RSR 13 Plus Cranial Radiation Therapy Improves Survival in Patients With Brain Metastases Compared to RTOG Recursive Partitioning Analysis Brain Metastases Database
OncoLink Assistant Editor
Ultima Vez Modificado:: 25 de octubre de 2000
Presenter: E. Shaw
Affiliation: Wake Forest University School of Medicine
- RSR 13 is a potential enhancer of ionizing radiation by decreasing hemoglobin-O2 binding affinity and increasing tumor oxygenation.
- This is a Phase II open label study design to assess the efficacy/safety of RSR 13 plus external beam radiation therapy (RT) in patients with brain metastases.
- The primary endpoint was survival compared to the Radiation Therapy Oncology Group Recursive Partitioning Analysis Brain Metastases Database (RTOG RPA BMD).
- Eligibility: Age > 18, KPS > 70, brain metastases.
- 57 patients were enrolled and evaluated, the majority of these patients had metastatic disease from either a primary lung or breast cancer.
- Patients received cranial RT, 30 Gy in 10 fractions of 3 Gy each, proceeded by RSR 13, 75- 100 mg/kg IV over 30 minute infusion.
- 80% of pts. Completed over 90% of RSR 13 doses.

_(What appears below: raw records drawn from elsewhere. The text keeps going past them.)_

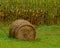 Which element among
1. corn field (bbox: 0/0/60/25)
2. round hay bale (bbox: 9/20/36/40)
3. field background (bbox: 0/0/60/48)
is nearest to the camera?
round hay bale (bbox: 9/20/36/40)

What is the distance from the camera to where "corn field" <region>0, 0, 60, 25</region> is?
1998 centimetres

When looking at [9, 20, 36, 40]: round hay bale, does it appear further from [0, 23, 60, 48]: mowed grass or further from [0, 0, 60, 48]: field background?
[0, 0, 60, 48]: field background

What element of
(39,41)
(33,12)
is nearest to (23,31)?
(39,41)

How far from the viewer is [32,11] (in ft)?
66.3

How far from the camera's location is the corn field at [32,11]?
65.6 feet

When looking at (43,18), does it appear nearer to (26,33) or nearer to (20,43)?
(26,33)

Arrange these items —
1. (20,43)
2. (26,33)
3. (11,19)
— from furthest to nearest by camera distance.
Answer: (11,19)
(26,33)
(20,43)

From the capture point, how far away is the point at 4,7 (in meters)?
20.2

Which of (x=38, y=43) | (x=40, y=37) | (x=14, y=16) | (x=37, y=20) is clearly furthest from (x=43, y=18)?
(x=38, y=43)

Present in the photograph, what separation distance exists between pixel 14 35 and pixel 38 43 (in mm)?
1471

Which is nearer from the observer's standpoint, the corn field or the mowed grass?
the mowed grass

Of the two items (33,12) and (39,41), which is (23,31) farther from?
(33,12)

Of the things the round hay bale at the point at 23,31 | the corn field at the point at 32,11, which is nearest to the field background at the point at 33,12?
the corn field at the point at 32,11

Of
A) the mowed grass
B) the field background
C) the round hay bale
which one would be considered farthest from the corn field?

- 40% of patients required dose reduction of RSR 13
- 30% of patients had severe adverse effects which included: hypoxemia, hypotension, acute renal failure, altered mental status, and allergic reaction.
- There were no treatment related deaths.
- The pts. treated with RSR 13 had a median survival of 6.4 months versus 4.1 months for the RTOG RPA BMD group (p < 0.02).
- At 6 month follow-up, survival rates were 51% versus 35% in favor of the RSR 13 group.
- Death due to brain metastases was decreased with the use of RSR 13, 11% versus 37% for the RTOG RPA BMD group.
- RSR 13 plus cranial RT resulted in significant improvement in survival as well as a reduction in death due to brain metastases compared to the RTOG RPA BMD group.
- The use of hemoglobin-oxygen modifiers such as RSR 13 may increase tumor oxygenation in patients with metastatic brain disease.
- Combined with cranial irradiation, RSR 13 may offer a survival benefit for these patients, who generally have poor prognosis.